(Description of the task) With the pictures omitted, print exactly the lines below, from the one containing "This did come" through the one containing "Looking for the", and nothing else.

(Data shown)

------------------------

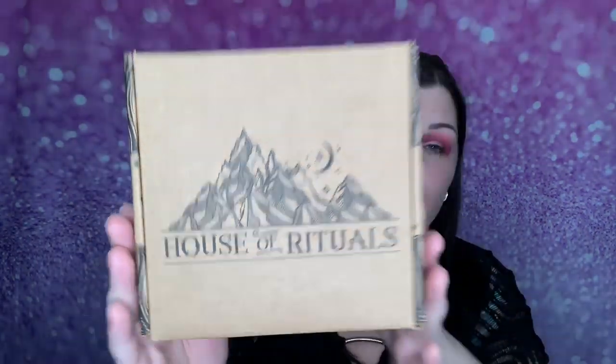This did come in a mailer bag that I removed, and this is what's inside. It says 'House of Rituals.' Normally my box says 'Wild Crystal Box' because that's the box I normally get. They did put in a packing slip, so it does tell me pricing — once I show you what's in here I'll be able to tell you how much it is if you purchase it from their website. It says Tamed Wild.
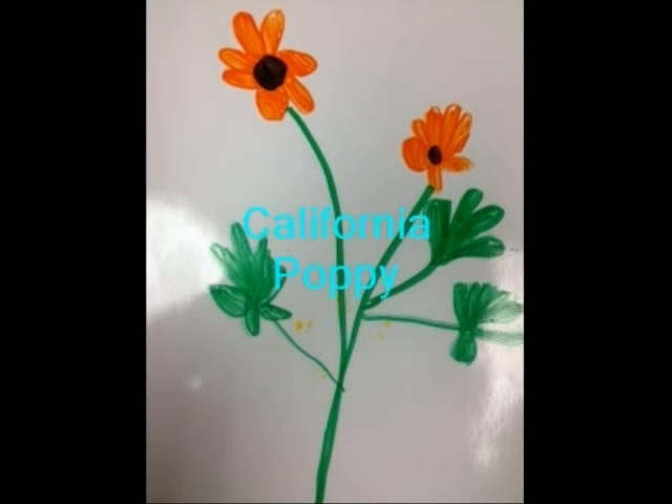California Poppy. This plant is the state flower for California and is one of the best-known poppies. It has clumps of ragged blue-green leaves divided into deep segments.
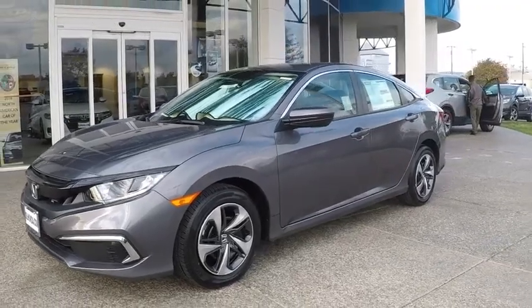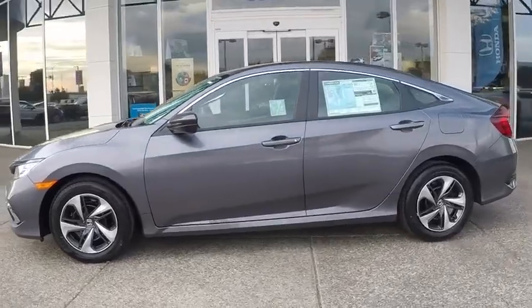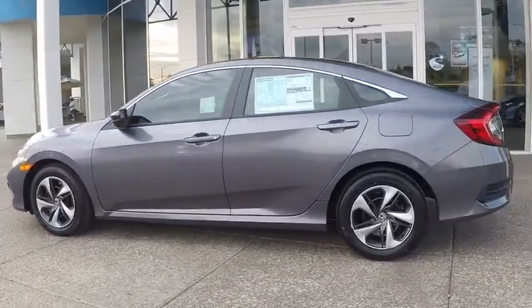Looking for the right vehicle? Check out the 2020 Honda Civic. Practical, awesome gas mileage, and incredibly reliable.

------------------------

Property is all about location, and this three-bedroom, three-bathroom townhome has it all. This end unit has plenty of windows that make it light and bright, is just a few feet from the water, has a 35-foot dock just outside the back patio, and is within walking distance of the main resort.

------------------------

(Reply to the exercise)
This did come in a mailer bag that I removed, and this is what's inside. It says 'House of Rituals.' Normally my box says 'Wild Crystal Box' because that's the box I normally get. They did put in a packing slip, so it does tell me pricing — once I show you what's in here I'll be able to tell you how much it is if you purchase it from their website. It says Tamed Wild.
California Poppy. This plant is the state flower for California and is one of the best-known poppies. It has clumps of ragged blue-green leaves divided into deep segments.
Looking for the right vehicle? Check out the 2020 Honda Civic. Practical, awesome gas mileage, and incredibly reliable.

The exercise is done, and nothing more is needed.